A man who waited 24 hours before calling emergency services for his seriously injured housemate has been sentenced to one year in prison by a court in Antwerp.
In September 2019, Sven D.B. found his housemate apparently dead in the house they shared. The man had clearly been severely assaulted, and an autopsy showed fractures to the nose, eye socket and ribs, as well as a stab wound to the neck and signs of strangulation.
But despite that, D.B. held off from calling emergency services for 24 hours, as evidenced by CCTV camera images showing the housemate returning home for the last time, and D.B. coming and going between that time and the time of his call to emergency services.

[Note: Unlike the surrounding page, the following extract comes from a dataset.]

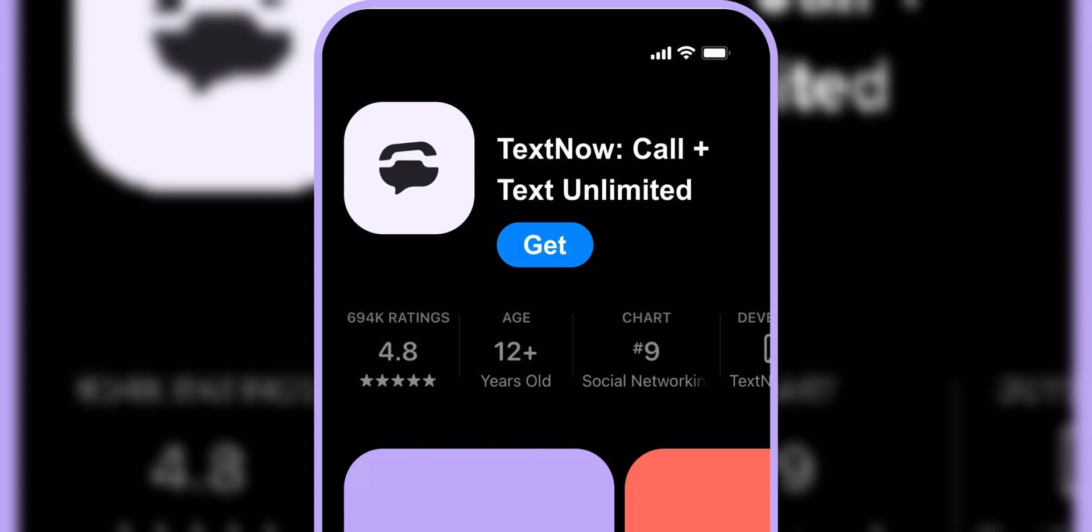Tap on the Search tab at the bottom of the App Store screen. Type TextNow in the search bar, then hit the Search button.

He was originally suspected of murder, and spent 15 months on remand in prison while the case was investigated. He maintained his innocence throughout, and since the case against him could not be proven, he was finally charged with the lesser count of criminal negligence.
The charge is based on the principle in Belgian law that failing to come to the aid of a person in need is an offence. Such aid does not have to be extraordinary – no need to jump into a canal to help someone who is drowning, for example – but every reasonable effort must be made.
D.B. claims he was so far under the influence of drink and drugs that he cannot recall the hours or days before he did call emergency services. It was only after two acquaintances passed by the house and warned he might be suspected of the killing that he finally picked up the phone.
In its judgement, the court found the charge proven, and sentenced D.B. to one year in prison. The two acquaintances, who were also in the presence of the murdered man and did nothing, were acquitted in their absence. The court found that at the time they were in the house, no effort could have saved the victim.